[Opening Data section section]
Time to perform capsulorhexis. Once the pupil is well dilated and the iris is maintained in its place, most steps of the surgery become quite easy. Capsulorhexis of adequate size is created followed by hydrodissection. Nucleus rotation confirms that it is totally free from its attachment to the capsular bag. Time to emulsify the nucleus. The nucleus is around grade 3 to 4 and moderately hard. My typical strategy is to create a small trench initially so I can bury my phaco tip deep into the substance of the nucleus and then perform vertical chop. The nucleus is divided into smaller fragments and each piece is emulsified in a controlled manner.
[Closing Data section section]
[Opening Data section section]
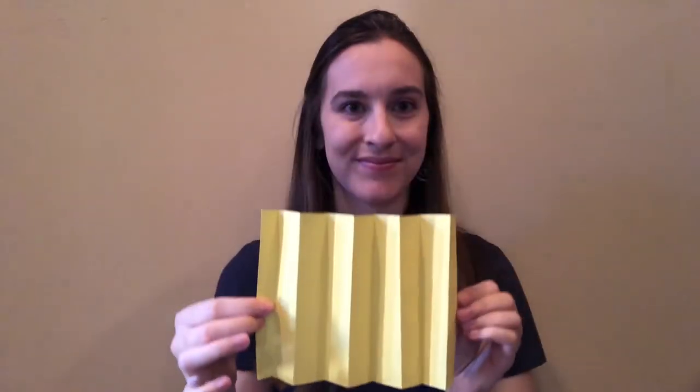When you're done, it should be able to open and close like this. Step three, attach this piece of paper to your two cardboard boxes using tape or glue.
[Closing Data section section]
[Opening Data section section]
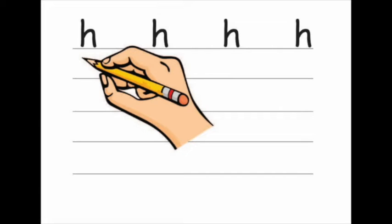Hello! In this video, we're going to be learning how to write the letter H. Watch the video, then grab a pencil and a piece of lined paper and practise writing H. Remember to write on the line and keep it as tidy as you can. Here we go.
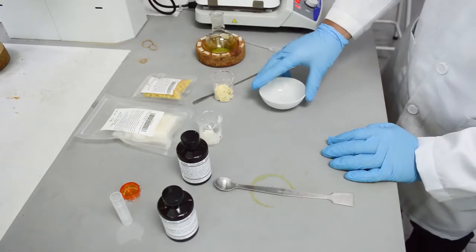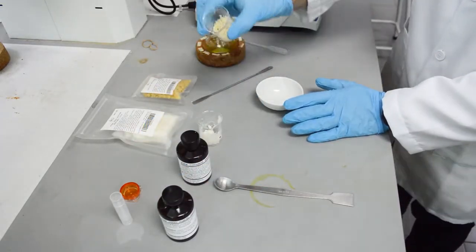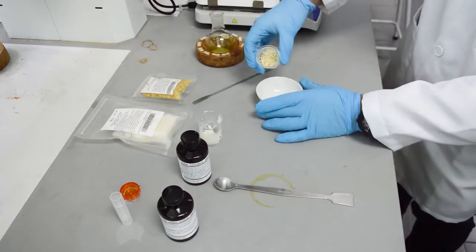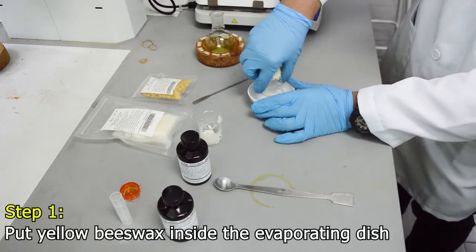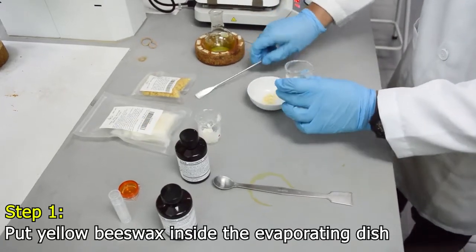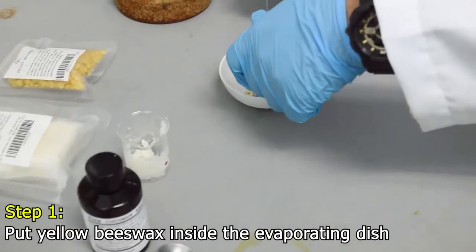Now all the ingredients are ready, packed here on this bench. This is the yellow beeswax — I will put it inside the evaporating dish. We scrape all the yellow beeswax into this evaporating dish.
[Closing Data section section]
- [Work to complete]: Exact repeat of the material above: every line from the one with "Hello! In this" through the one with "Now all the", endpoints included, and nothing more. No pictures.

- [Solution]:
Hello! In this video, we're going to be learning how to write the letter H. Watch the video, then grab a pencil and a piece of lined paper and practise writing H. Remember to write on the line and keep it as tidy as you can. Here we go.
Now all the ingredients are ready, packed here on this bench. This is the yellow beeswax — I will put it inside the evaporating dish. We scrape all the yellow beeswax into this evaporating dish.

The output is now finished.